La féminité est présentée comme une norme souhaitable dans notre société
La soumission n’est ni dans la nature des femmes françaises ni dans leur destin final. Pourtant, le patriarcat, comme toutes les structures de domination sociale, crée des mécanismes pour se perpétuer, et la soumission des femmes en est un. La féminité est présentée comme une norme souhaitable dans notre société. La soumission est dépeinte comme une source de plaisir et de pouvoi. Et les dangers de la liberté des femmes sont constamment soulignés. La soumission des femmes est complexe : elle se produit au niveau individuel tout en étant influencée par la structure sociale. Il s’agit souvent d’une soumission à un homme en particulier, mais surtout d’une soumission à un ensemble de normes sociales. Elle peut être agréable tout en menant à des impasses désespérées.
C’était le constat de Simone de Beauvoir en 1949. Bien que la condition féminine en France se soit améliorée et que les formes de la soumission féminine aient évolué depuis, les femmes sont toujours dans une situation où la soumission apparaît comme un destin auquel il est plus facile de consentir que de résister. Ce constat ne doit pas être une raison de désespérer : reconnaître les formes et les appels de la soumission en nous-mêmes est sans doute un pas important sur le chemin de l’émancipation dans la société.
La soumission des femmes n’a pas été considérée comme contraire à la nature humaine
Le schéma de la domination nous permet de mieux cerner notre sujet. La soumission des femmes dans notre pays consiste à l’action ou la condition féminine lorsqu’elles participent, en tant qu’inférieures, à un rapport de domination auquel elles ne résistent pas. Cela implique de considérer la domination masculine non pas du point de vue des dominants, mais du point de vue de ceux qui se soumettent.
Au lieu de décrire la subordination des femmes de manière externe et objective, il s’agit de se demander ce que c’est pour une femme d’être une femme vivant dans la domination masculine et de décrire ainsi une expérience subjective, de bas en haut, de la domination.

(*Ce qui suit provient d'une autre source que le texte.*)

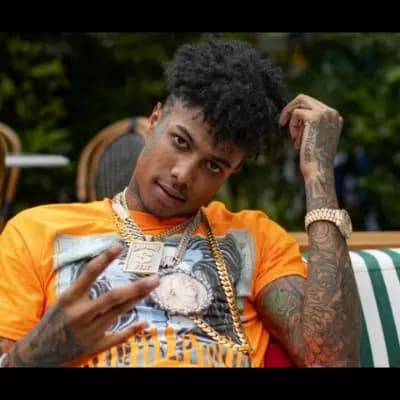 Blueface thumbnail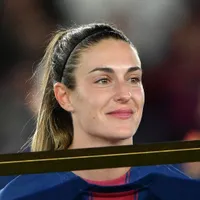 Barcelona pressiona por renovação, mas Alexia Putellas mantém futuro indefinido
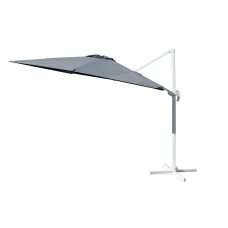 Зонт Севилья 3*3м, цвет Серый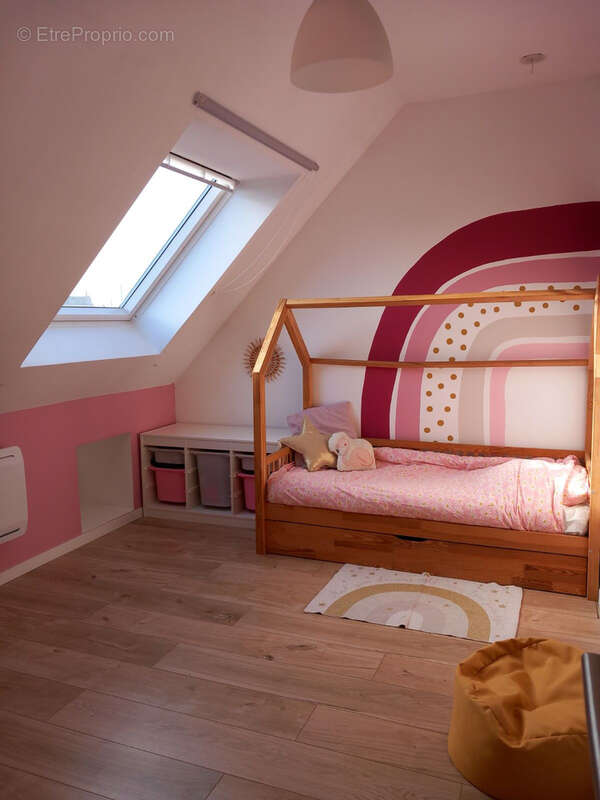 Maison à LIBERCOURT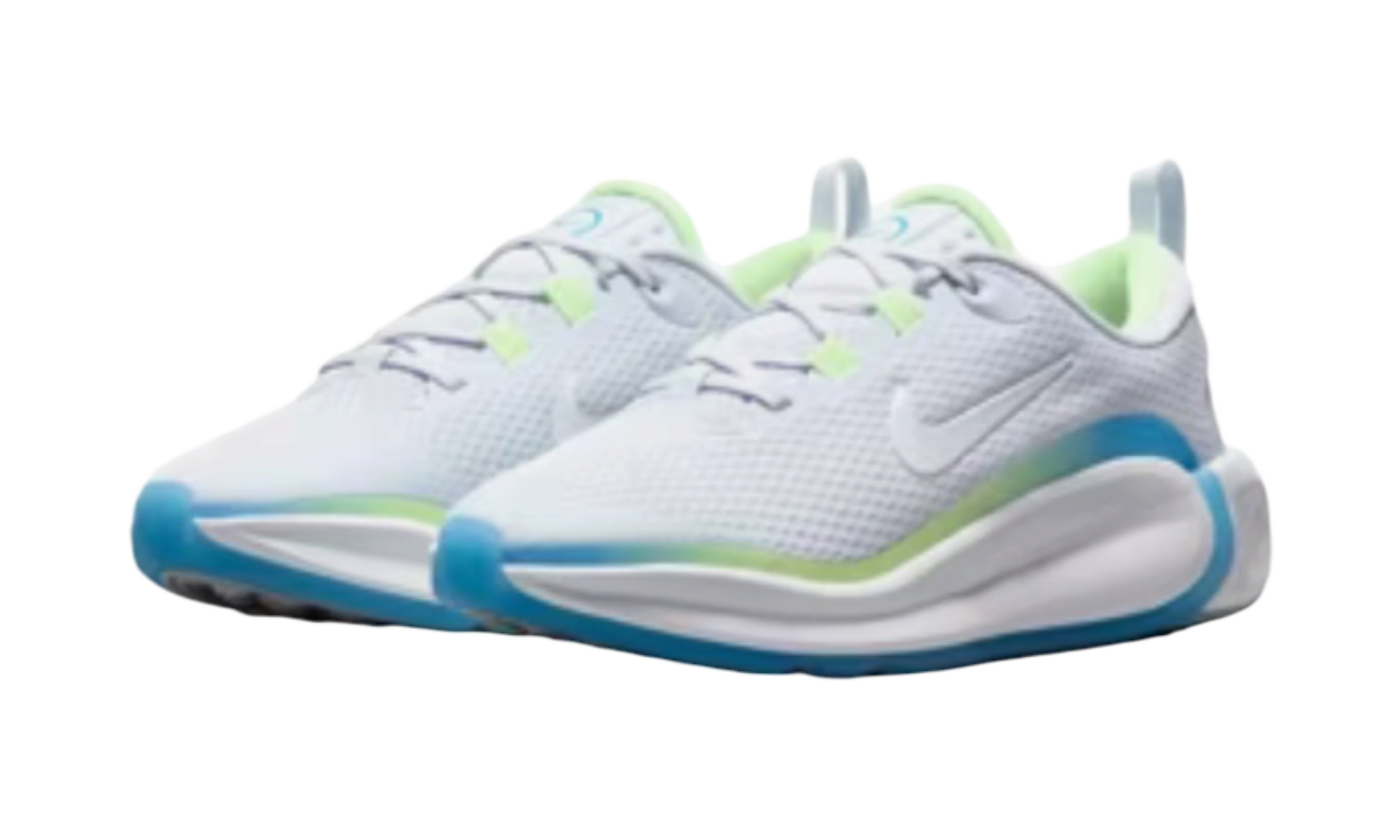 Nike Infinity Flow Grey Multicolor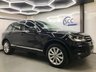 USED 2012 62 VOLKSWAGEN TOUAREG 3.0 V6 SE TDI BLUEMOTION TECHNOLOGY 5d 202 BHP SAT NAV, LEATHER, LOW TAX!!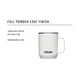 thumbnail image 3 of Horizon Vaso – Aislado de acero inoxidable – Tapa Tri-Mode – Moss, 16 oz, 3 of 12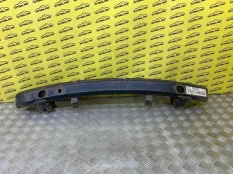 Усилитель бампера переднего Nissan Navara (D40) 2004-2015 2012 501005X32A ПИКАП 2.5 D YD25DDTI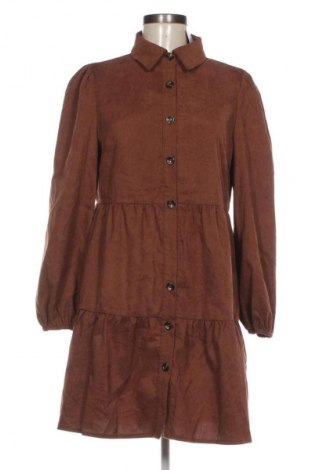 Šaty  SHEIN, Velikost M, Barva Hnědá, Cena  149,00 Kč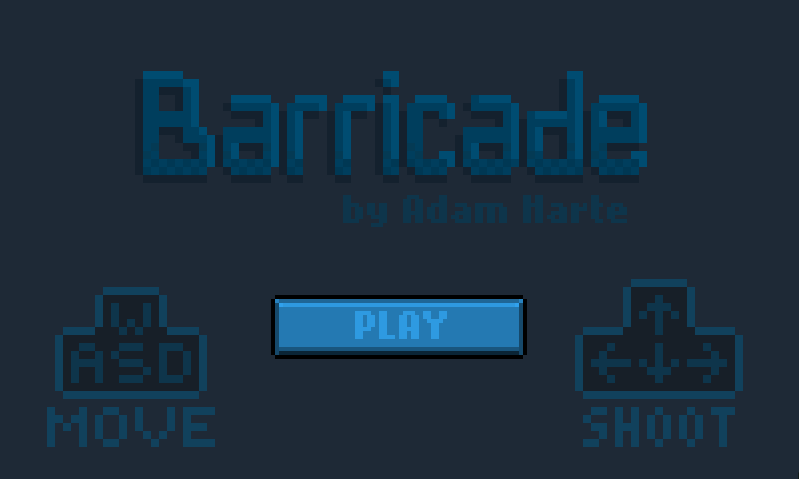 Barricade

Ce n’est ne pas partir volontairement de l’idée que la soumission serait dans la nature des femmes, ou contre la nature des femmes, qu’elle serait immorale, ou le signe d’une fausse conscience opprimée façonnée par le patriarcat. Au contraire, il faut répondre à ces questions que, la soumission des femmes, comment elle se manifeste, comment elle est vécue, et comment elle peut être expliquée dans notre société.
Si l’on se concentre spécifiquement sur la soumission des femmes en France, le problème devient encore plus complexe. Historiquement, la soumission des femmes, contrairement à celle des hommes, n’a pas été considérée comme contraire à la nature humaine. Bien au contraire, la soumission est prescrite comme le comportement normal, moral et naturel des femmes. C’est parce que les femmes sont considérées comme incapables d’être libres comme les hommes, ou que cette liberté est perçue comme un danger potentiel, que leur soumission est bonne.